[Opening RECORDS FOR THE TASK section]
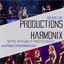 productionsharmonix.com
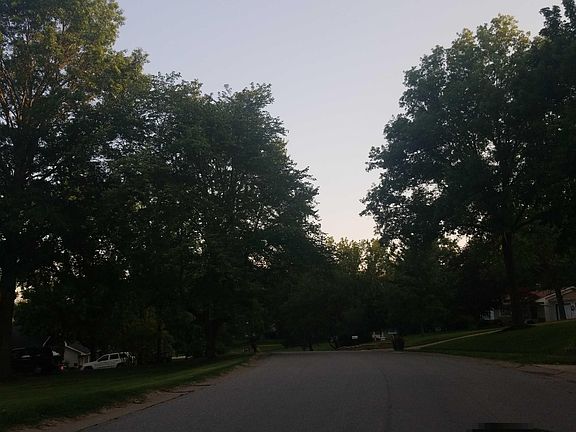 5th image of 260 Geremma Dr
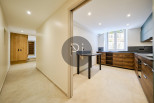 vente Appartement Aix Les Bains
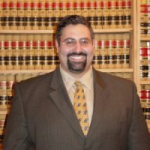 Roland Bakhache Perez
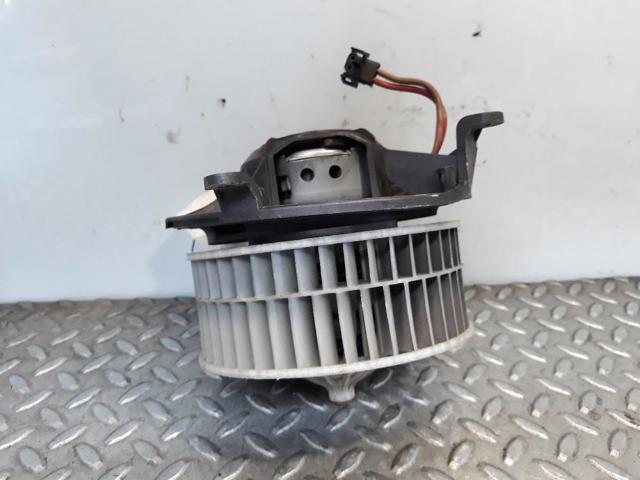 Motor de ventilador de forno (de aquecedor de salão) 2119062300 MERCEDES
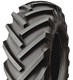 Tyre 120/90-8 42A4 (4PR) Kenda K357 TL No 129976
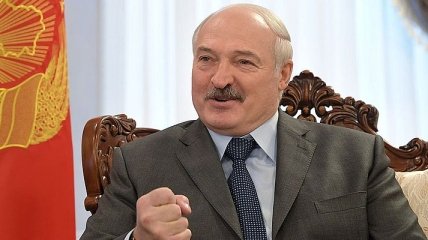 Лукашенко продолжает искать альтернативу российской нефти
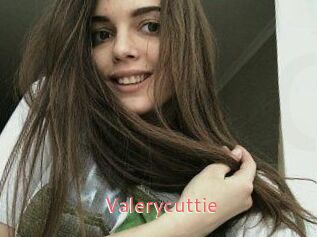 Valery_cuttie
[Closing RECORDS FOR THE TASK section]
[Opening RECORDS FOR THE TASK section]
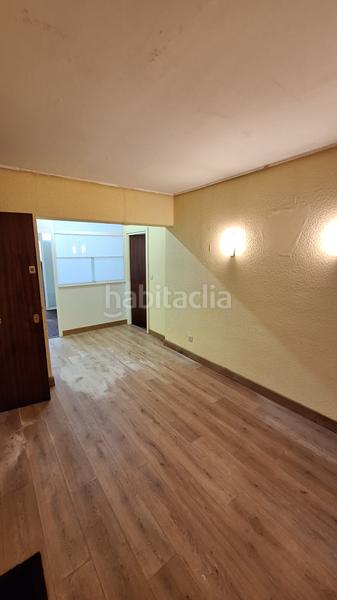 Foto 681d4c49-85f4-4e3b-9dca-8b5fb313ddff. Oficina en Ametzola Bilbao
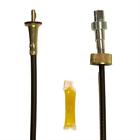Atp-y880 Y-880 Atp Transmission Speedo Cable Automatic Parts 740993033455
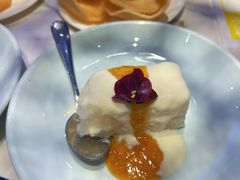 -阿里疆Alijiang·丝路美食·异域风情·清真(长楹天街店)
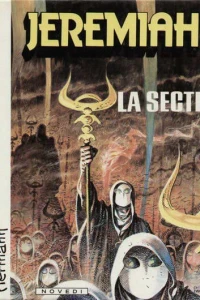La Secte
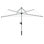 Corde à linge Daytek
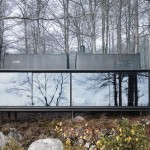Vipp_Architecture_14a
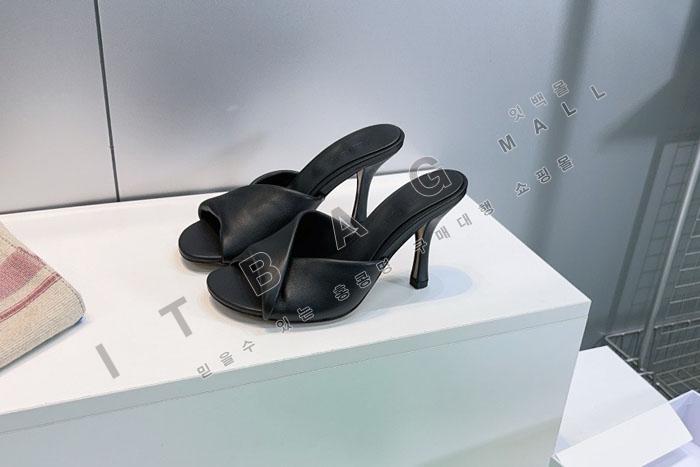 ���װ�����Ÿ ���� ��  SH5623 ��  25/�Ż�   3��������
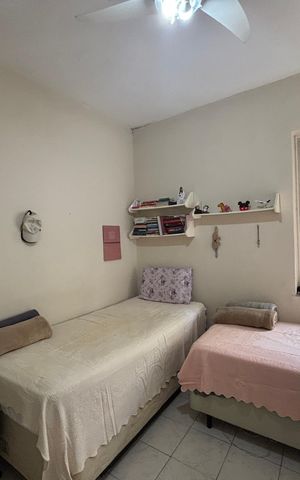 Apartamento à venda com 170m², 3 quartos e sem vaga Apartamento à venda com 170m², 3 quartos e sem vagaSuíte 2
[Closing RECORDS FOR THE TASK section]
[Opening RECORDS FOR THE TASK section]
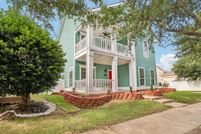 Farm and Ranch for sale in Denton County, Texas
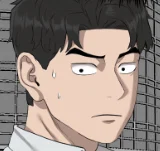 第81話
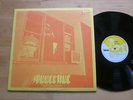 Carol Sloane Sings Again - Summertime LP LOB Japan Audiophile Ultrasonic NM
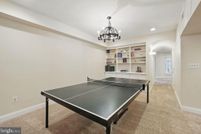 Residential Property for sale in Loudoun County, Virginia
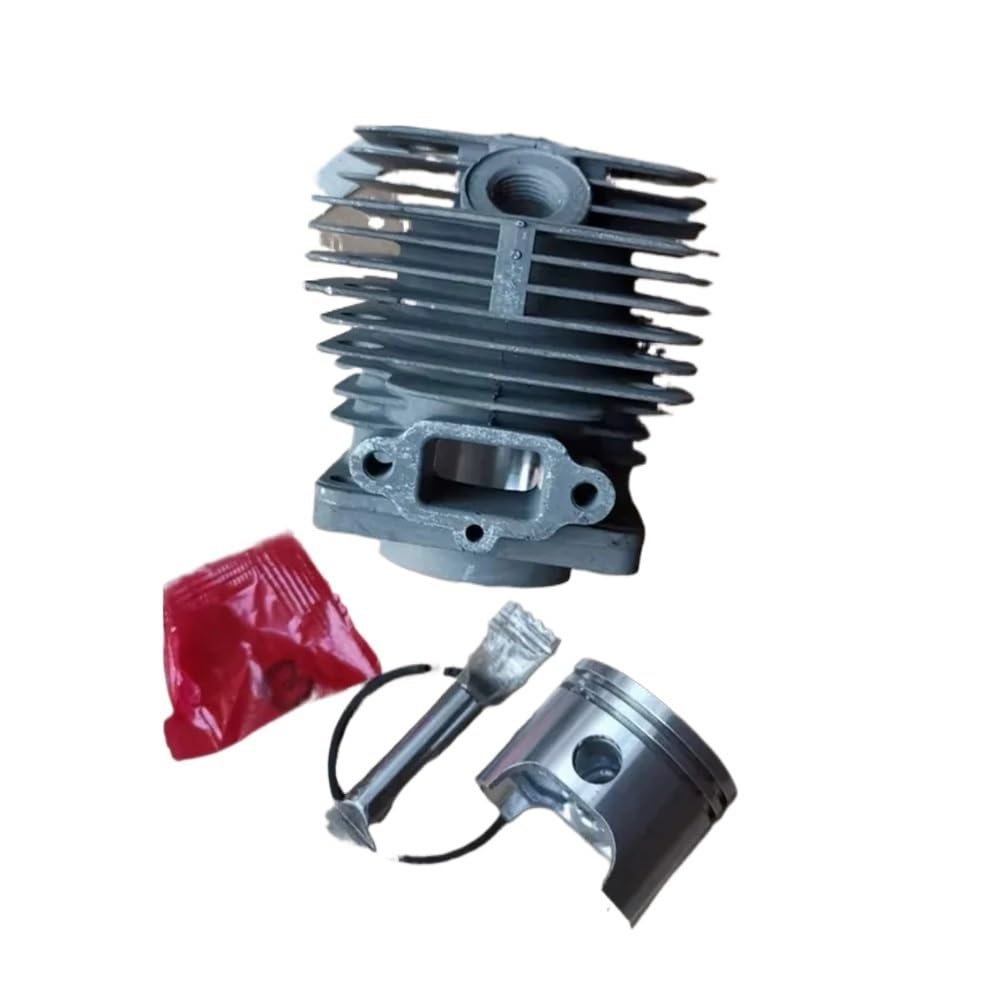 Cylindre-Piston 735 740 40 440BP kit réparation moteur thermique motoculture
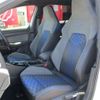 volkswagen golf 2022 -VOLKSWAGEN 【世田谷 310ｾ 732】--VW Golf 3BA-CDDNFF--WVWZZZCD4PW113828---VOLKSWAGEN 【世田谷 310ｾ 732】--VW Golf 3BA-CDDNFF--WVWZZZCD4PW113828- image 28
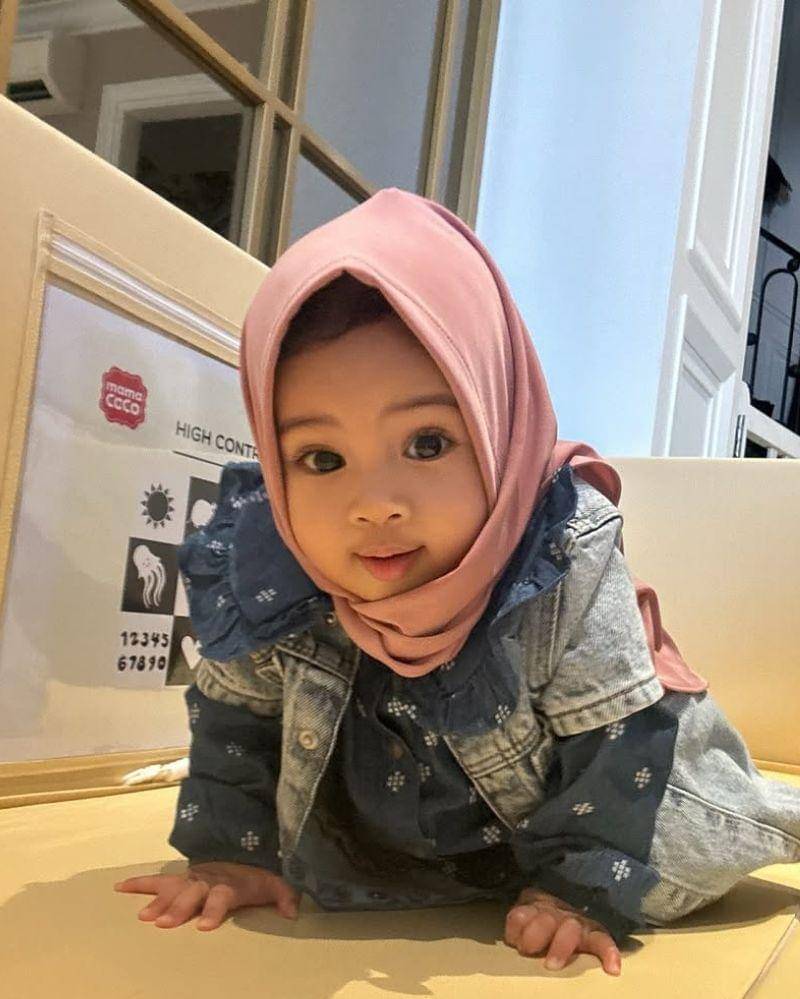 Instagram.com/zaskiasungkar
[Closing RECORDS FOR THE TASK section]
● WORK TO COMPLETE: All lines above from the one containing "Atp-y880 Y-880 Atp" up to and including the one containing "Apartamento à venda com 170m², 3 quartos e sem vaga Apartamento" are to be set down exactly, and nothing else. Leave images out.

● FINAL ANSWER:
Atp-y880 Y-880 Atp Transmission Speedo Cable Automatic Parts 740993033455
 -阿里疆Alijiang·丝路美食·异域风情·清真(长楹天街店)
La Secte
 Corde à linge Daytek
Vipp_Architecture_14a
 ���װ�����Ÿ ���� ��  SH5623 ��  25/�Ż�   3��������
 Apartamento à venda com 170m², 3 quartos e sem vaga Apartamento à venda com 170m², 3 quartos e sem vagaSuíte 2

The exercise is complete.